< Back

Beyond the Stereotypes: The Sexiness of Testers


Patrick Van Ingelgem



Share this article

‘Test(ing)’ often seems to have a negative connotation, especially after COVID, a few years ago. Wonder why this is the case? I know it took me several years to figure this out! So let me try to explain this in this blog.

In the mind of many people, testing is often seen as follows:

  1. Testing is like a monkey that does the same operation over and over again, 24/7, without thinking, so testing is something so easy that anyone can do it

  2. Testing is only manual work that cannot be automated

  3. Testers are bad/failed developers

  4. Testing has nothing to do with developing

  5. Testers are not technical

  6. Testers do not create anything

  7. Testers only break things

  8. Testers only give negative feedback

  9. ‘Tester’ is not a sexy title

Mmmm ... not that positive, one would think. But if we look at things one by one, we might be able to refute them.

Let’s give that a try and have a look at the list.

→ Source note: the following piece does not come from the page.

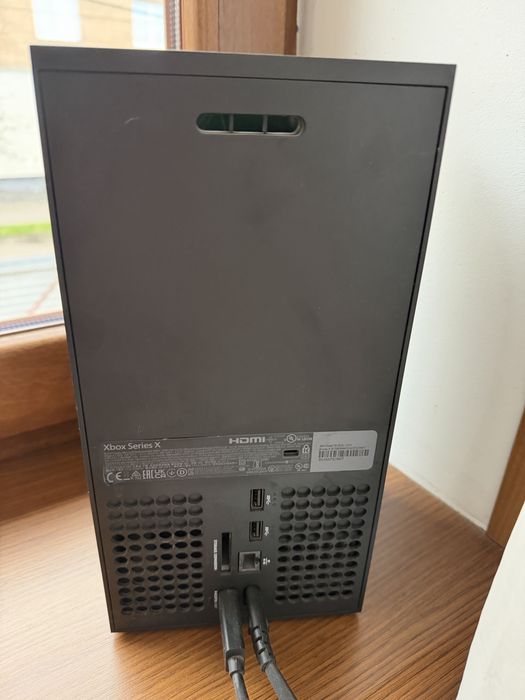 Продам Xbox X 1TB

Thoughts Unveiled: Dispelling the Myths of Software Testing

“Testing is like a monkey that does the same operation over and over again 24/7, without thinking, so testing is something very easy, anyone can do it.”

Counterargument #1: “Hiring software testing engineers is in most cases only done for complex applications. Would you trust that task to be executed by a monkey?”

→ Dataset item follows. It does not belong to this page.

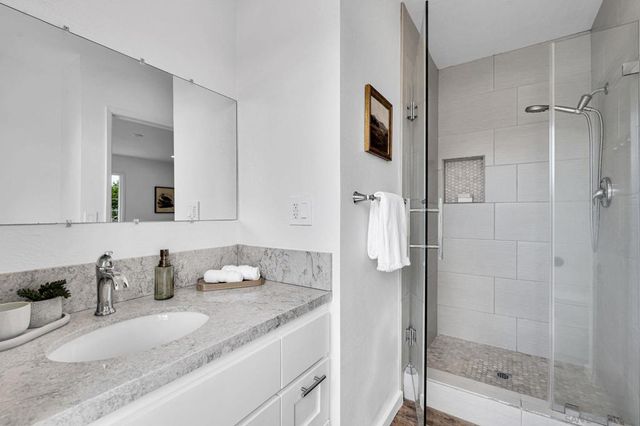 1607 Elmhurst St, Chula Vista, CA 91913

Counterargument #2: “Test cases are made based on clearly written requirements, a good analysis and complete acceptance criteria. In most cases, one or more of these items are missing, and testers will have to look for this information themselves.”

Counterargument #3: "Good testers know the application through and through and need to keep every detail of the entire application in mind, developers, on the other hand, often only focus on their part.”

“Testing is manual work and cannot be automated.”

Counterargument #4: “There will always be things that have to be tested manually, but in the meantime, we know that all repetitive things should be automated as much as possible. This gives the manual testers and the business more time to test the special and edge cases.”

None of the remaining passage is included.